Return exactly the lines of the data below, from the one that contains "imagem do produto Caserinho Chocolate G" through the final line, and leave out every picture.

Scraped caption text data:

--

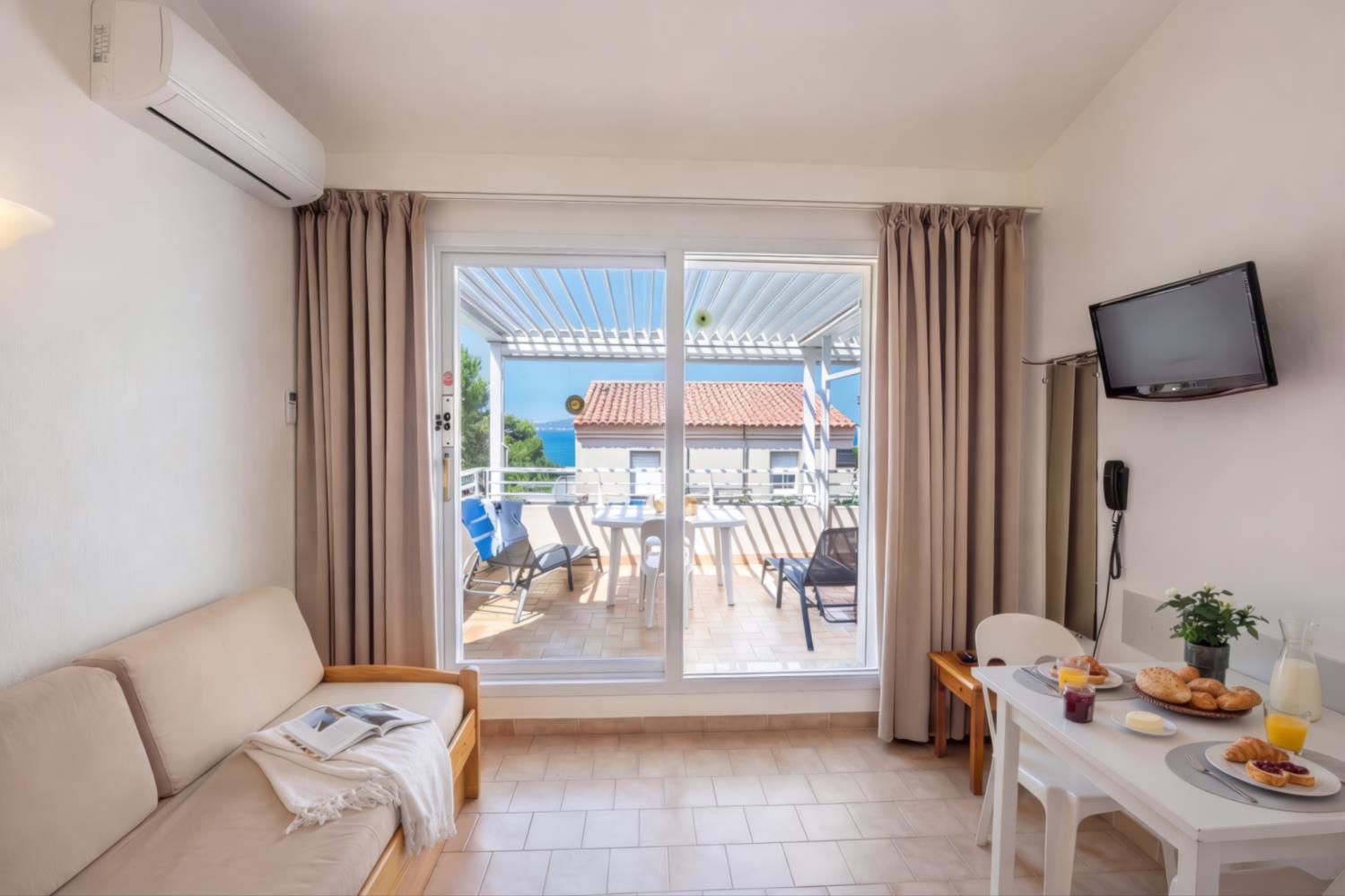 Residence Arinella S2p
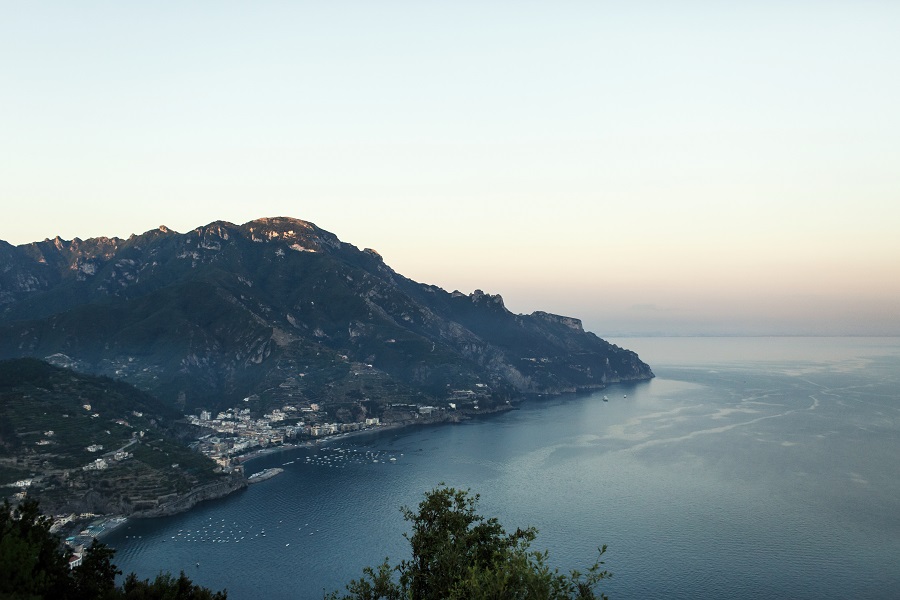 zboruri Napoli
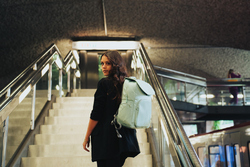 Sac à dos souple XD Design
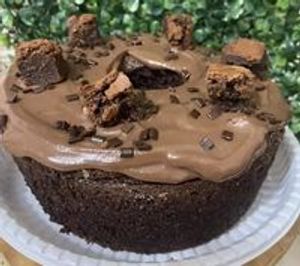 imagem do produto Caserinho Chocolate G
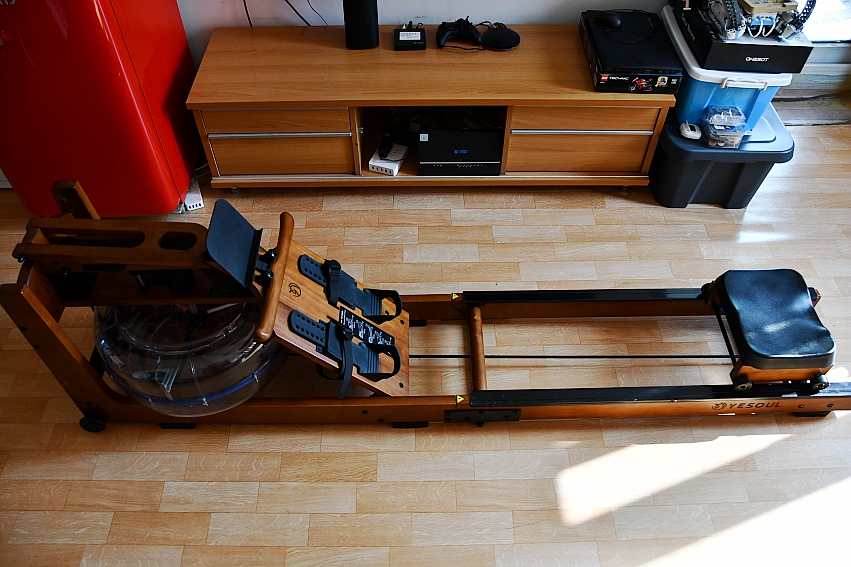 划船机真的有效果吗,划船机真的有用吗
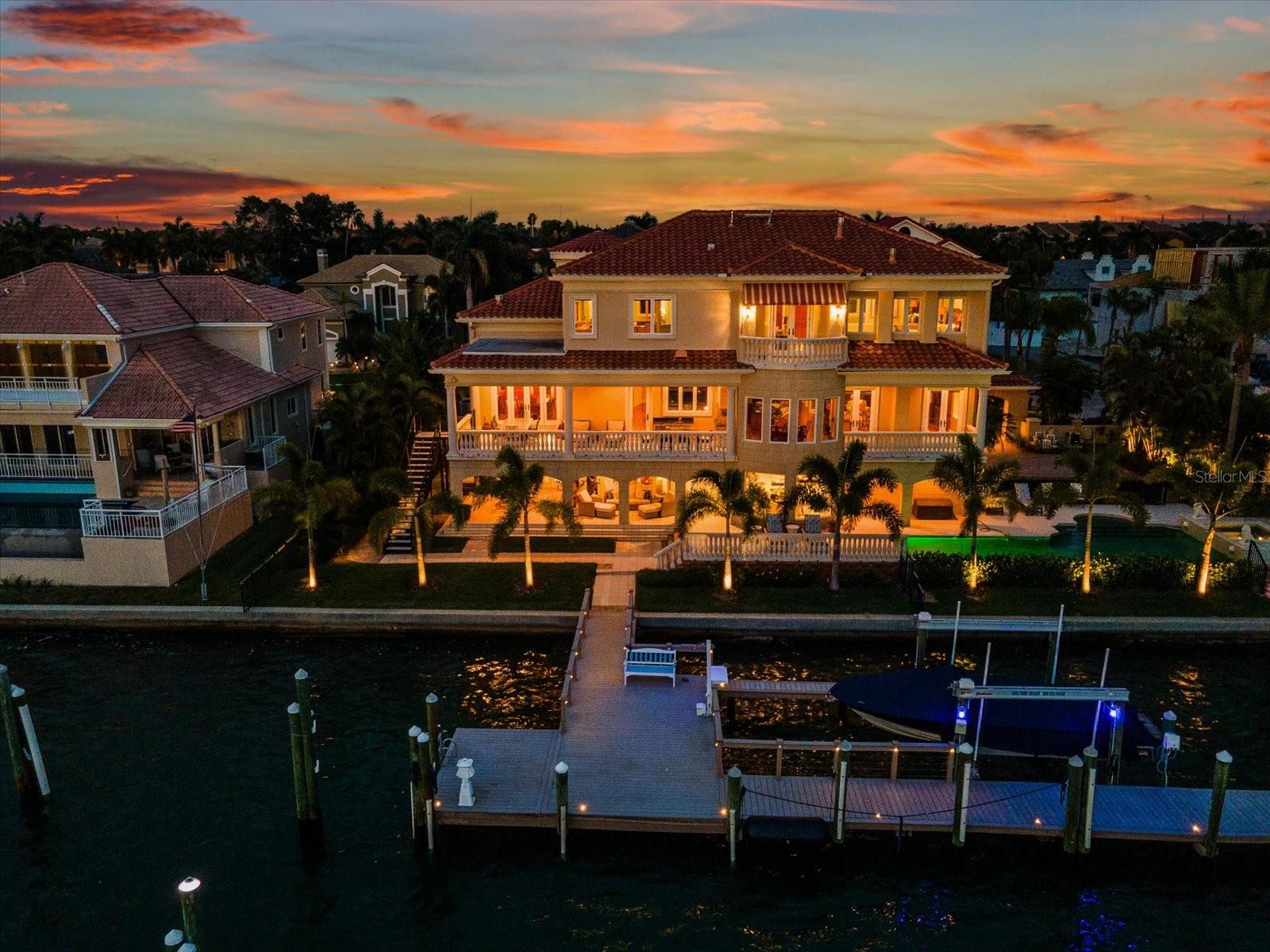 6224 PASADENA POINT BLVD — photo 80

--

» **RESPONSE BELOW**:
 imagem do produto Caserinho Chocolate G
 划船机真的有效果吗,划船机真的有用吗
 6224 PASADENA POINT BLVD — photo 80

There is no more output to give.